[[ Excerpted data open ]]
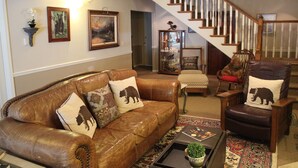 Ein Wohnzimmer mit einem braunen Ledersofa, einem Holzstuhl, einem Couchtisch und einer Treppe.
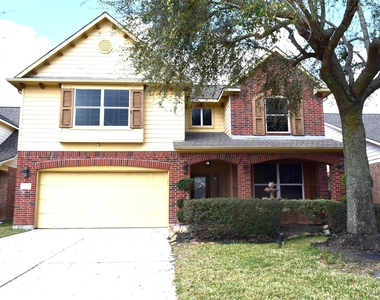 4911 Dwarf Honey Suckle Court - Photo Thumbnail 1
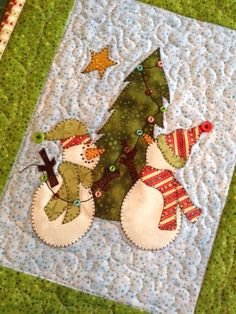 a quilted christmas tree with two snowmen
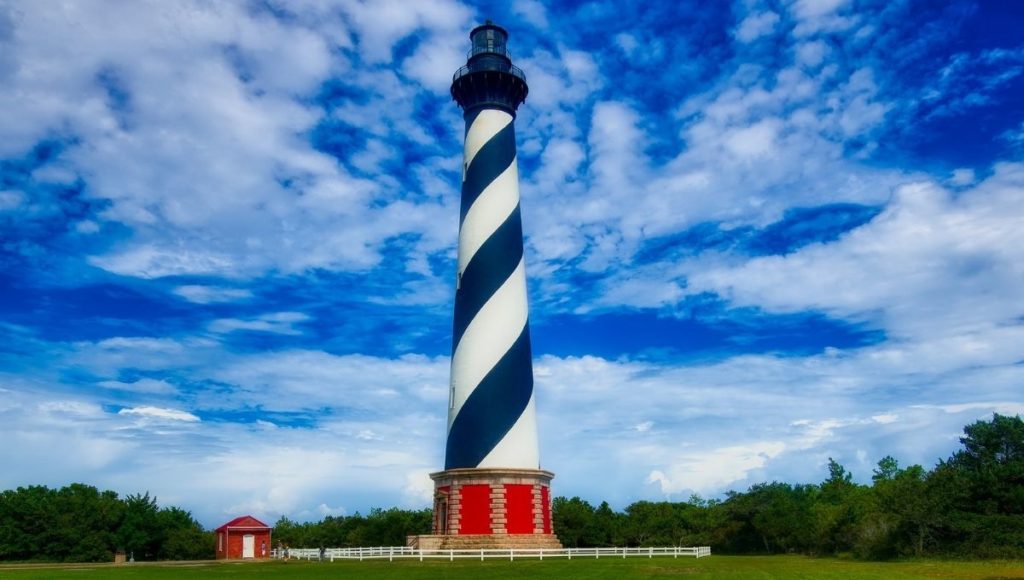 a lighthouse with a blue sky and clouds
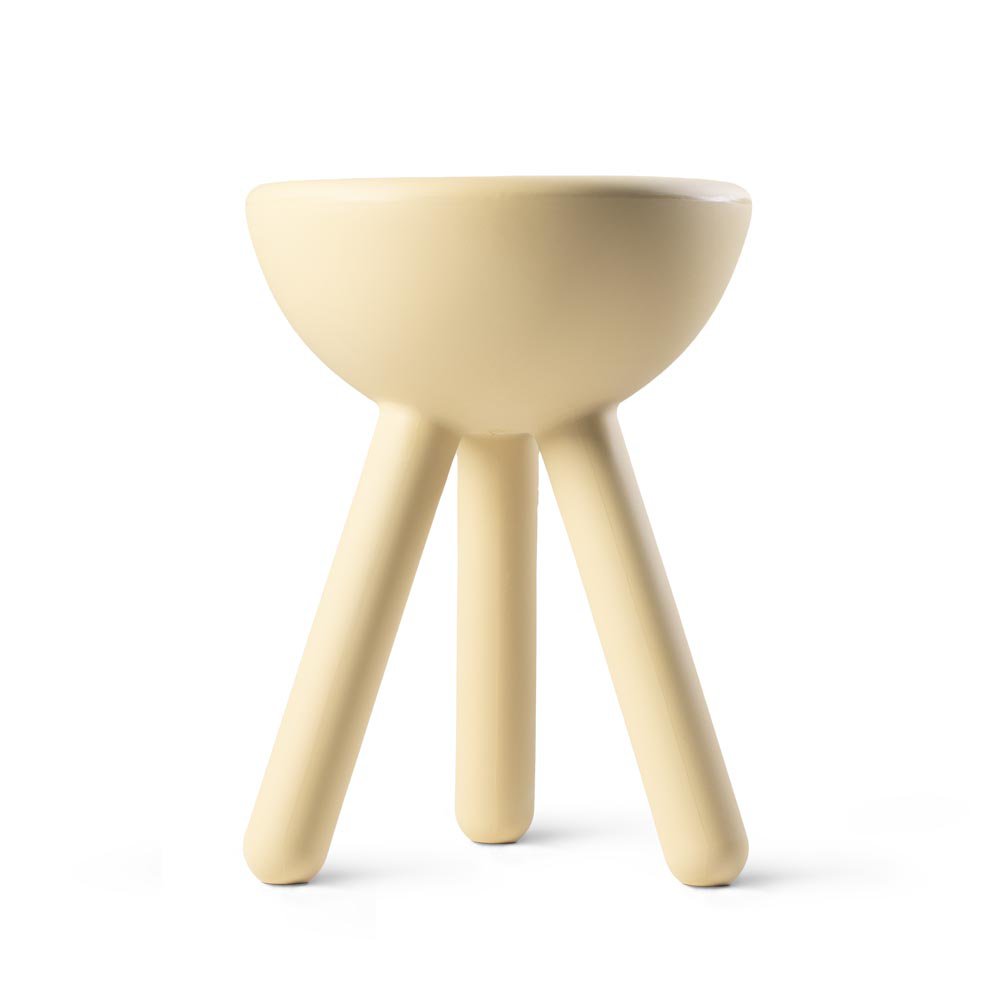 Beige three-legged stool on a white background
[[ Excerpted data closed ]]
[[ Excerpted data open ]]
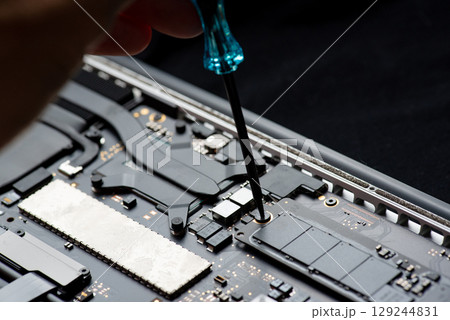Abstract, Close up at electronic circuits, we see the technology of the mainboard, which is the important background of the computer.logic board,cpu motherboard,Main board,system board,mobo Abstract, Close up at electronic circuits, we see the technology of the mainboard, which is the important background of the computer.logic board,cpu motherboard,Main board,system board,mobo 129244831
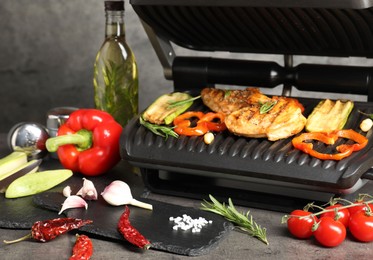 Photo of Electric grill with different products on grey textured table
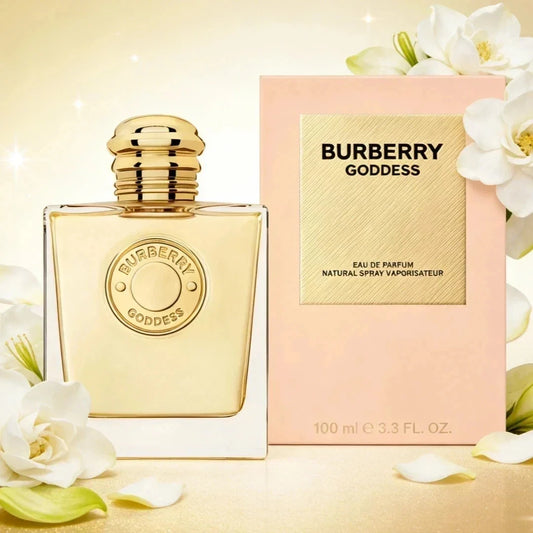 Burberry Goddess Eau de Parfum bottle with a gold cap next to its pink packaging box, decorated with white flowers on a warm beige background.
[[ Excerpted data closed ]]
[[ Excerpted data open ]]
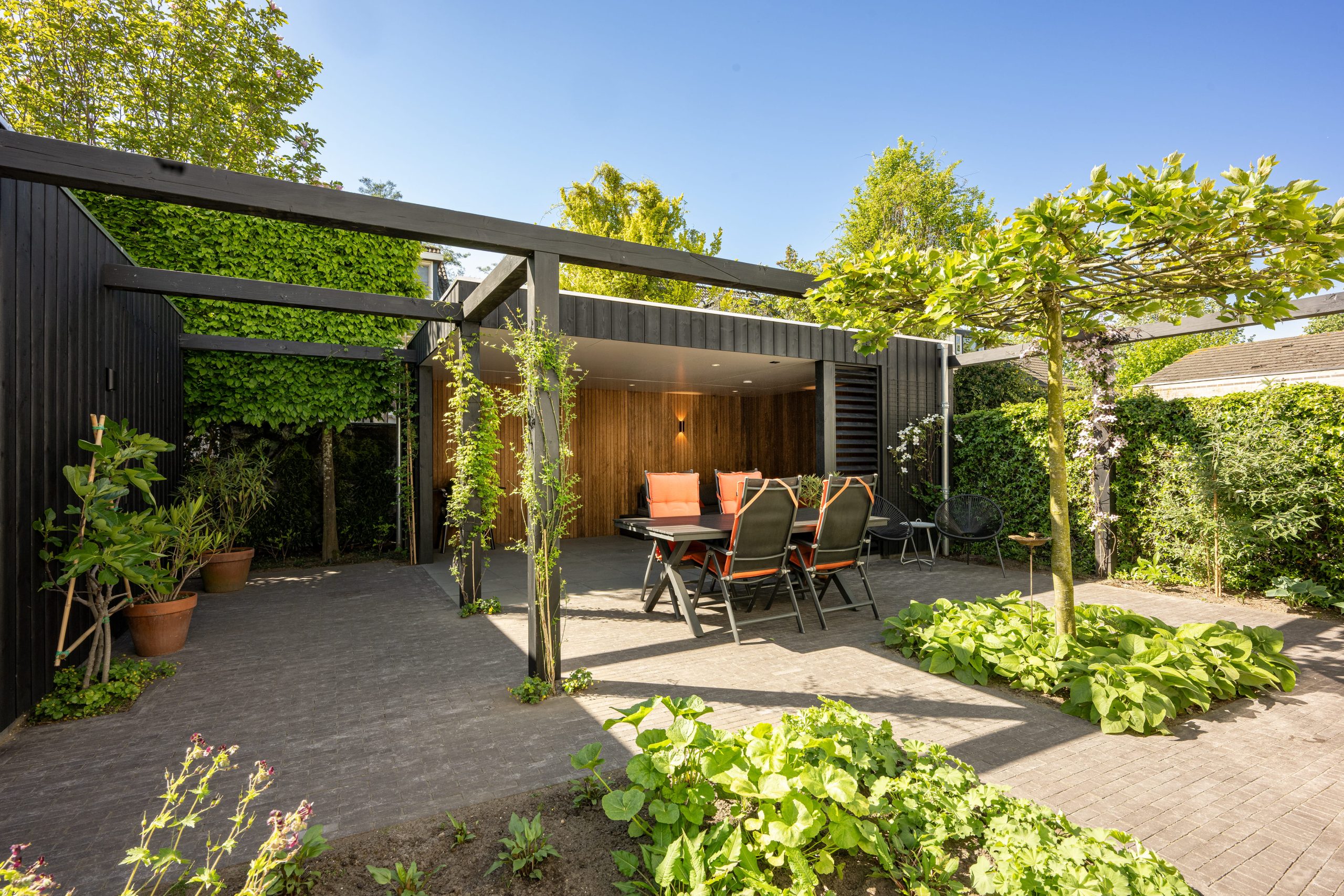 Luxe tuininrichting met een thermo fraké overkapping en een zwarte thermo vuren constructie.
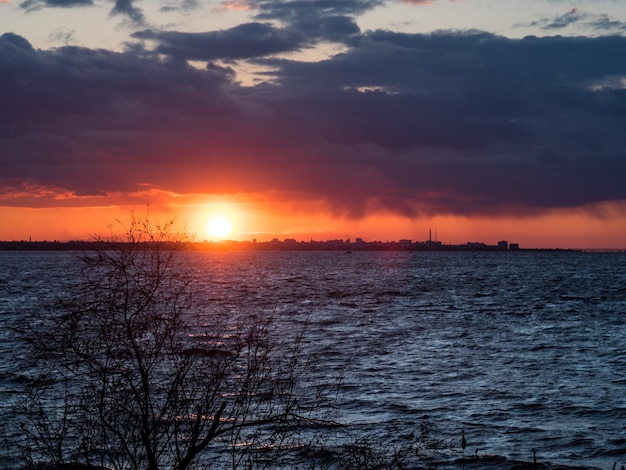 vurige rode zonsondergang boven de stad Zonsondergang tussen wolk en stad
[[ Excerpted data closed ]]
What you need to do
Copy nothing but the lines above that run from the one with "Ein Wohnzimmer mit" to the one with "a lighthouse with a blue sky and clouds", ends included; pictures stay out.

Response below
 Ein Wohnzimmer mit einem braunen Ledersofa, einem Holzstuhl, einem Couchtisch und einer Treppe.
 4911 Dwarf Honey Suckle Court - Photo Thumbnail 1
 a quilted christmas tree with two snowmen
 a lighthouse with a blue sky and clouds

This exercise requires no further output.